Léa Seydoux, la belle personne

A presque 30 ans, elle continue d’envoûter le cinéma. Avant de la découvrir en James Bond girl, on l’a rencontrée pour le Journal d’une femme de Chambre.

1326401

Un pendentif en forme de cœur scintille sur son pull blanc. Le teint nacré, les yeux surlignés d’un léger trait d’eyeliner, les cheveux lissés dans un carré blond, Léa Seydoux vous reçoit avec une douceur d’ange dans un hôtel bruxellois. Léa Seydoux porte en elle une énigme, un mystère qui fait d’elle une grande actrice moderne. Bien sûr, il y a le scandale de la sortie du film La vie d’Adèle d’Abdellatif Kéchiche, les mots durs échangés par voie de presse interposée entre Léa et la réalisateur, accusé d’être « manipulateur ». Bien sûr, Léa Seydoux est en apparence cette jeune femme gâtée du cinéma français, rejetonne de la puissante famille Seydoux (ses grand-père et grand-oncle dirigent Pathé et Gaumont). En apparence. Car le patronyme n’a pas été un passe-droit et la route ne fut pas toute tracée pour Léa. Entre une enfance bringuebalée et une adolescence chaotique, Léa la sauvageonne a dû trouver sa place.

Trois ans après Les Adieux à la reine, elle retrouve le réalisateur Benoît Jacquot qui nous a confié le bien qu’il pensait d’elle : « Léa est tout à la fois. Radieuse, hostile à elle-même, ambiguë. Quand on la croit maussade elle est en fait incroyablement heureuse, c’est un plaisir de travailler avec elle».  Et si Léa Seydoux était l’essence même de l’actrice, un être en perpétuelle recherche?

Vous reprenez le rôle de Jeanne Moreau, qui était magnifique dans Le journal d’une femme de chambre de Luis Bunuel, d’après l’œuvre de Mirbeau. Vous sentiez-vous une filiation avec elle?

L.S – Je précise que n’ai pas vu le film avec Jeanne Moreau, ni celui avec Paulette Godard car je voulais que le personnage de Célestine, que j’interprète, soit ma propre création. J’ai lu le livre de Mirbeau mais je me suis plus basée sur le scénario de Benoît Jacquot et je l’ai interprété selon ses éléments. Certains acteurs lisent tout pour interpréter un rôle, je ne fais pas ça, je ne me surinforme pas. J’aime bien rester vierge autour d’un film. Ne pas savoir m’intéresse car c’est un métier de recherche.

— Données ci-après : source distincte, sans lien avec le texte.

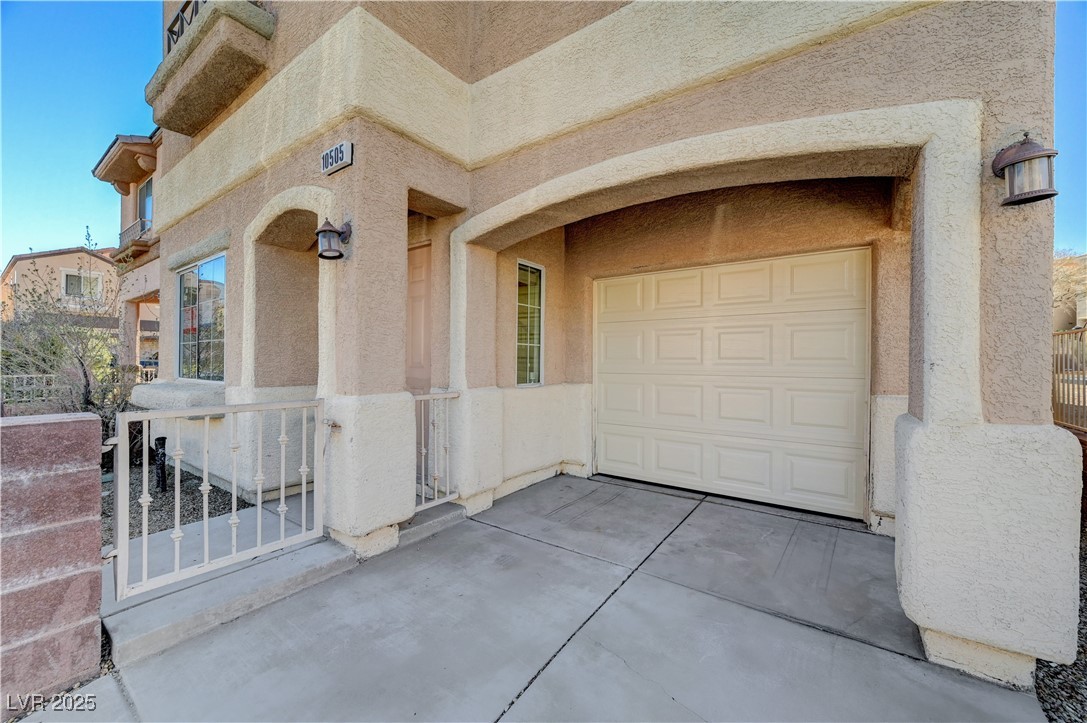 10505 Cold Mountain Avenue Property Photo 4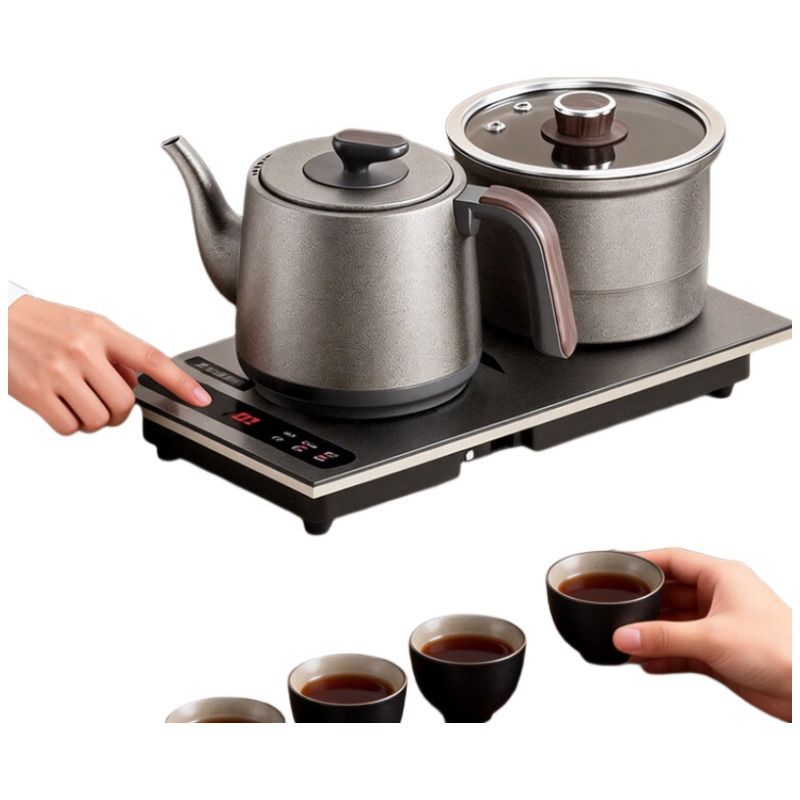志高(CHIGO)JBL-S9612 纯钛全自动上水电热水壶370*230*200mm(单位:台)高清大图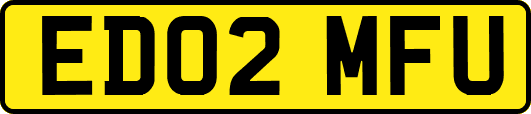 ED02MFU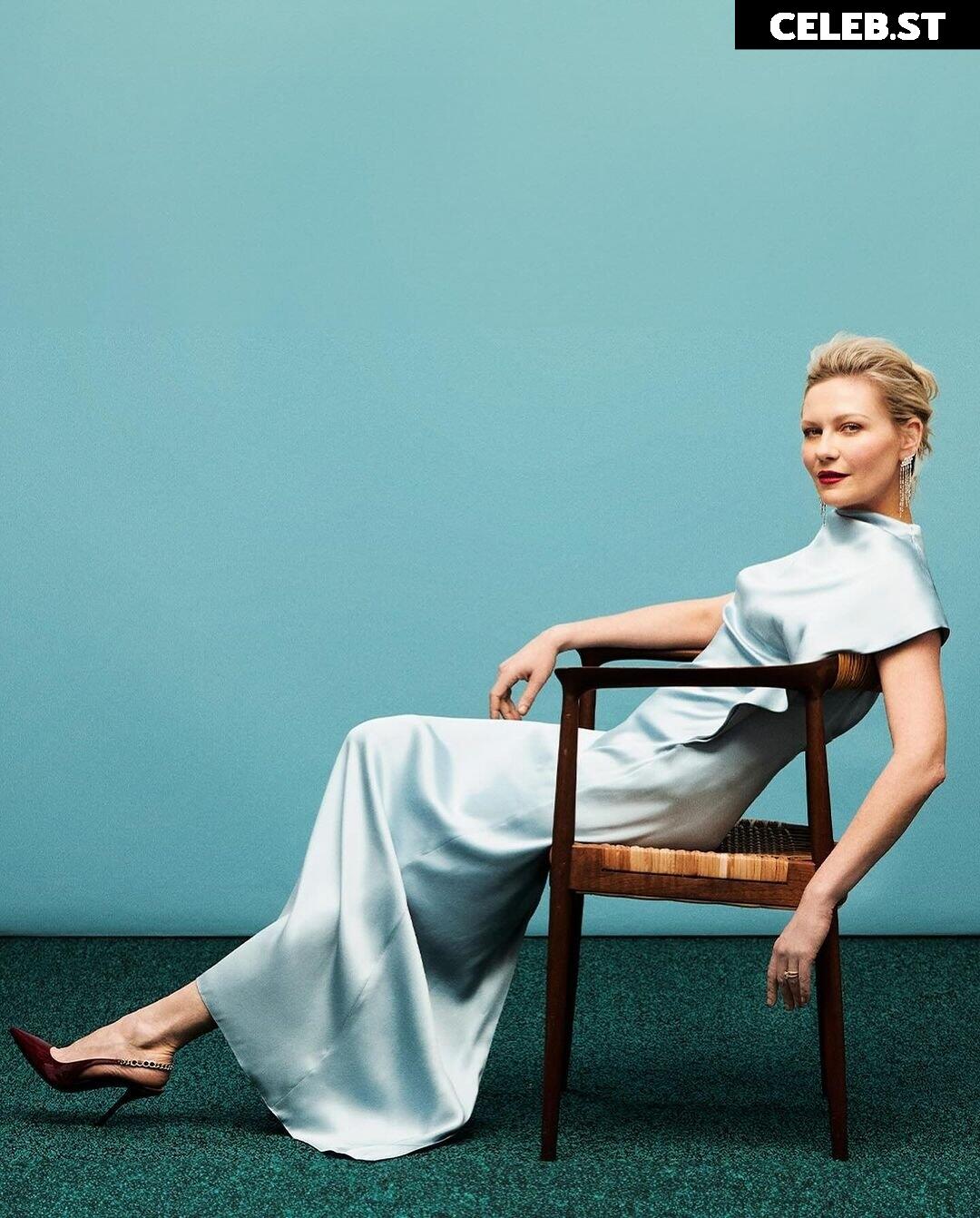 Kirsten Dunst Image 3007842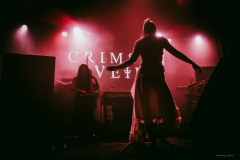 crimson-45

Pourquoi acceptez-vous un rôle au départ?

L.S – Le point de départ, ce sont mes sentiments. Par exemple j’ai tenté de faire de Célestine une femme dans la survie qui est un sentiment que je partage. Ça paraît simple mais jouer est un métier difficile, c’est très complexe de faire du cinéma. Ça demande d’être le plus subtil possible. Je m’engage totalement pour un film. Chaque personnage est donc une facette de moi.

Le cinéma vous aide-t-il à mieux vous connaître?

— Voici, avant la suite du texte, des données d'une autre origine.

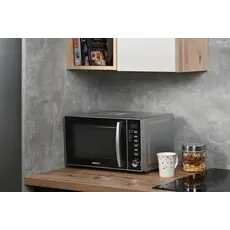 მიკროტალღური ღუმელი ARDESTO GO-E725S, 6 image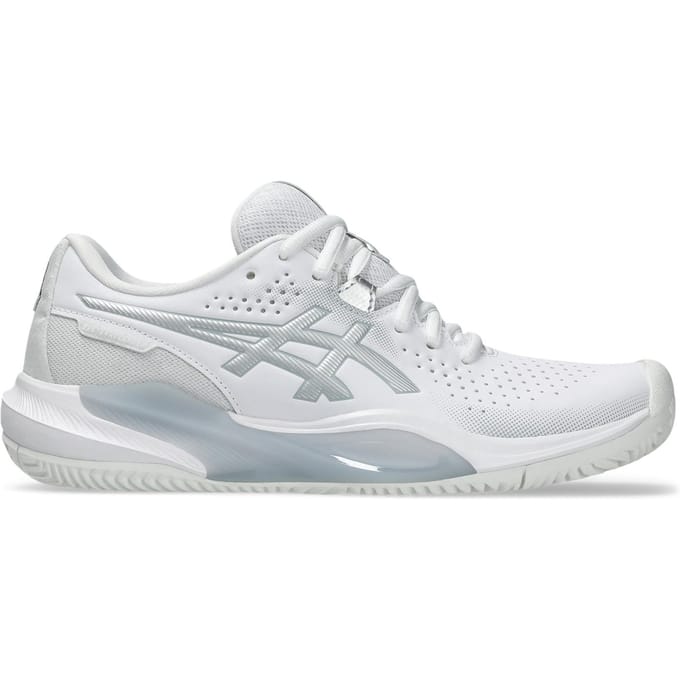 Asics Gel-Challenger 15 Clay Tennisschoenen Dames
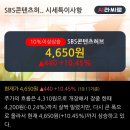 (주)에스비에스콘텐츠허브 이미지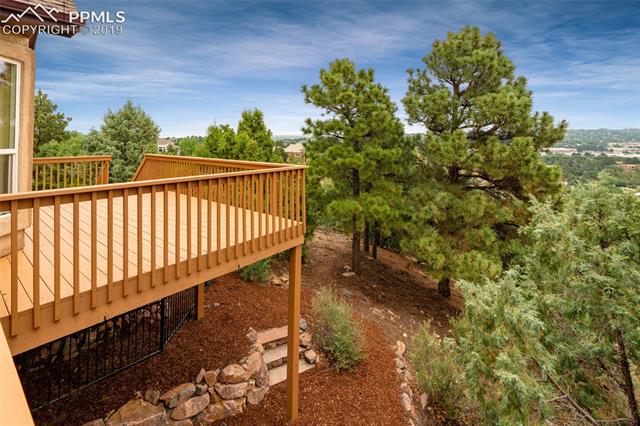 4555 Seton Hall Road Colorado Springs, CO 80918 - Photo 34 of 36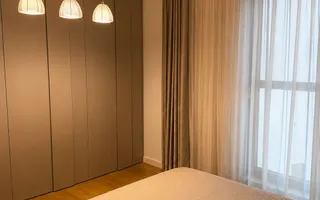 One Herăstrău Park | 3 Camere | Liniște și Intimitate - Poză 13
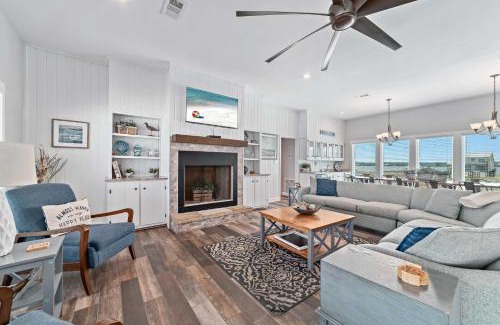 Gulf Shores Casa | Almost Heaven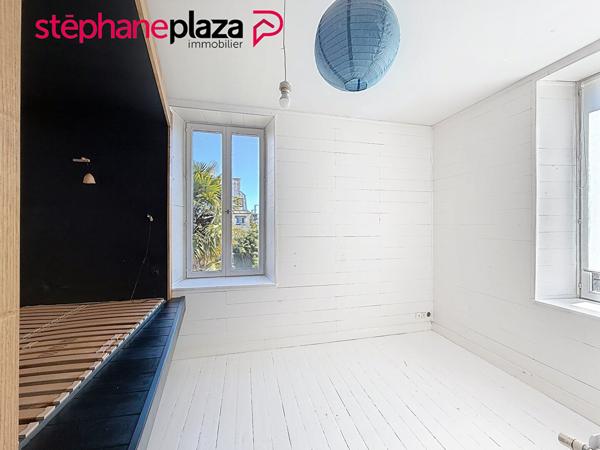 Maison 8 pièces 117 m2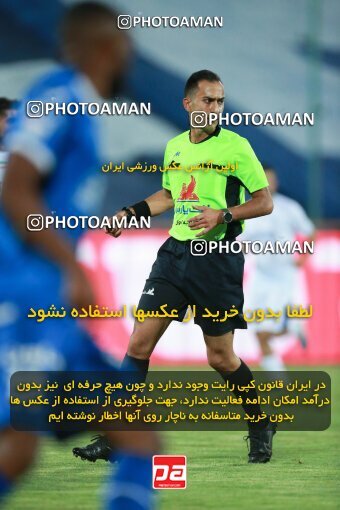 2123310, Iran pro league, 2023-2024، Persian Gulf Cup، Week 4، First Leg، 2023/08/28، Tehran، Azadi Stadium، Esteghlal 1 - 0 Esteghlal Khouzestan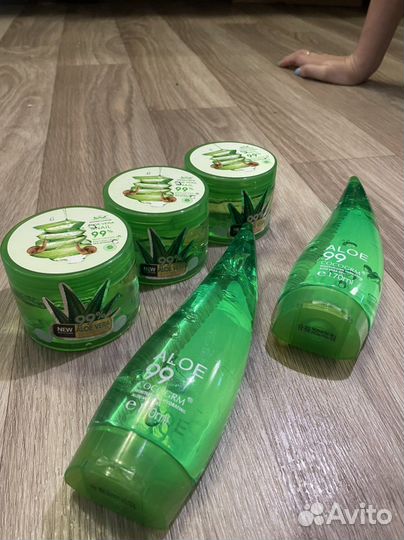 Корейская косметика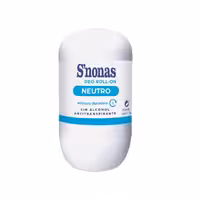 رول ضد تعریق اسنوناس مدل نوترو با حجم 50 میلی لیتر اصلی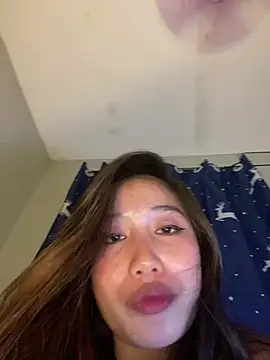 Chubbyhotlady_03's Webcam Show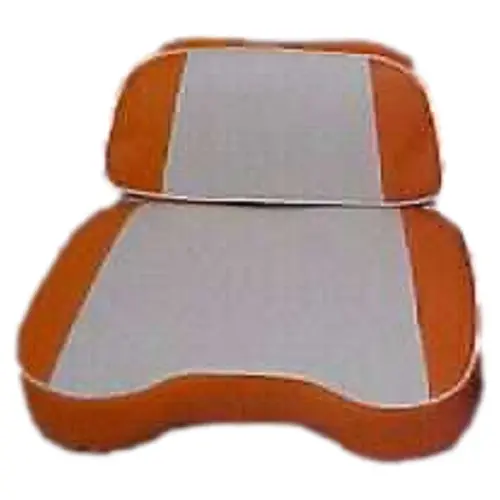 2 Piece Tractor Seat Cushion Set For Allis Chalmers 1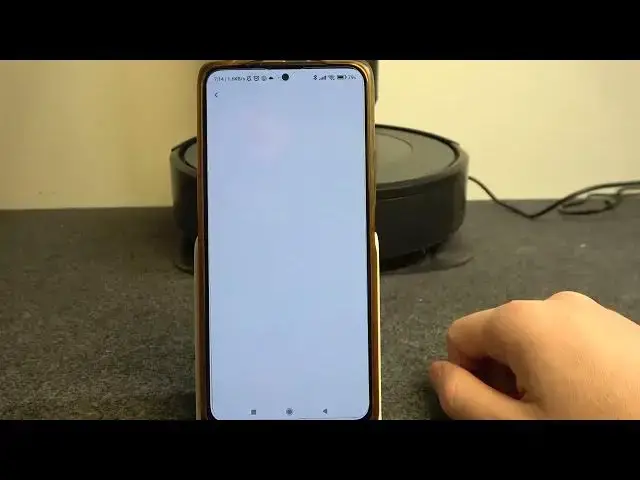 Video thumbnail for How to Find Serial Number on IROBOT Roomba i4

L.S – Peut-être, mais ça n’est pas la raison pour laquelle je fais des films. J’essayer de toucher du doigt quelque chose d’intangible. Un peu comme un peintre sauf que la peinture c’est un autre support. J’essaye d’approcher une forme de vérité car il n’y a que la vérité qui nous émeuve, il n’ y a que la vérité qui soit vraie, qui nous fasse vraiment rire ou pleurer. La réalité, c’est encore autre chose, c’est plus abstrait.

 

Par le trou de la serrure

A la fin du 19ème siècle, Célestine (superbe Léa Seydoux), jolie parisienne de trente ans, trouve une place de femme de chambre « dans un trou de province ». L’endroit manque de chic mais Célestine va rapidement tomber sous le charme torve de Joseph (Lindon, taiseux et bourru), le jardinier de la propriété. Tout en subissant les vexations de ses grotesques patrons, la jeune femme parvient à tirer son épingle du jeu. Et le récit à tiroirs de son histoire devient une critique toujours très actuelle de la bourgeoisie et de l’enfer social, saisis de l’intérieur.

Après Jean Renoir (1946) et Luis Bunuel (1964), Benoît Jacquot s’empare du roman d’Octave Mirbeau, paru en 1900. Anarchiste libertaire, Mirbeau mettait en avant une figure de soubrette à la fois libre et soumise à un système d’exploitation domestique impitoyable. Moins génial et moins fétichiste que Bunuel, Jacquot nous embarque dans une saisissante érotisation du personnage féminin dont la sensualité très directe irradie le film. Tout en respectant admirablement la langue littéraire et crue de Mirbeau et les codes esthétiques du film en costume. En contrepoint de la violence sociale que l’œuvre dénonce avec une ironie mordante, la très solaire lumière du film distille un poison qui n’en paraît que plus violent. Les résonnances avec la société actuelle (l’antisémitisme de Joseph, la condition des femmes, la lutte des classes) n’en sont que plus fortes. Du beau travail.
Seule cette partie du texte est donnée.